On using rspec-retry for flaky specs

3 minute read

On any more or less large project we encounter such a problem as flaky-specs. On CI, the test crashes with an error, but when run locally, the test turns out to be green.

There are many aspects of working with such tests and many articles have been written on them. But I would like to touch upon one topic - rerun flaky tests. Is it worth using this approach for any flaky test?

TLDR

If you find it too difficult to reproduce the conditions of specific flaky tests, use the rspec-retry gem. If possible, limit this use with gem settings such as exceptions_to_retry, and apply it only to certain types of tests. Gradually reduce the number of retry tests: learn how to reproduce test failure conditions.

Problem

There are many reasons why running a single test as part of an entire test suite can result in an unstable crash (flaky spec):

  1. The order in which the tests are run
  2. A certain moment of time (e.g. on Sunday after 22:00)
  3. Network problems
  4. Sorting result of data selection from SQL queries (if no explicit sorting)
  5. etc.

Some of these conditions should be reproduced when debugging a flaky test and make the test robust against them. We will talk about it in further articles. In this article I want to discuss the issue of working with tests for which conditions of failure are relatively hard to reproduce (if possible).

Solution

For the rspec testing library - there is a tool rspec-retry, which allows us to restart the test when it fails.

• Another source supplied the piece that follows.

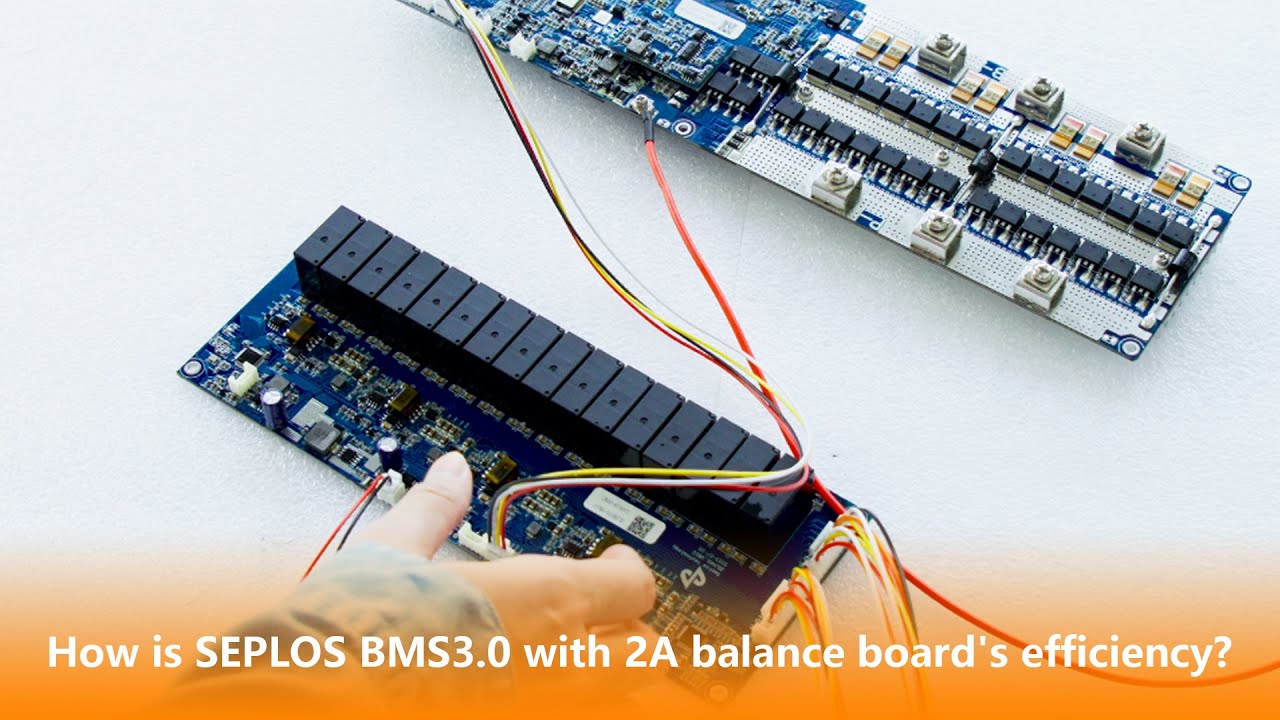 SEPLOS BMS 3.0 with 8A Active Balance Board | How's the balance efficiency?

I am not a supporter of restarting any flaky-test, because thereby we lose early signals about those tests which should be processed immediately (it may be time to make more serious decisions about such tests).

I think it’s worth solving problems as they arise, rather than sweeping them under the rug. Over time, problems will start to creep out from under that rug, and fixing them will be more difficult. It also increases overall CI build time.

The rspec-retry has the ability to limit the list of exceptions according to which it will be raised.

The approach is as follows: if we understand that debugging a flaky-spec (for now) is impossible, we add this particular situation to the “allowlist” for rspec-retry.

For example, we see the js system test crash with an exception Selenium::WebDriver::Error::StaleElementReferenceError.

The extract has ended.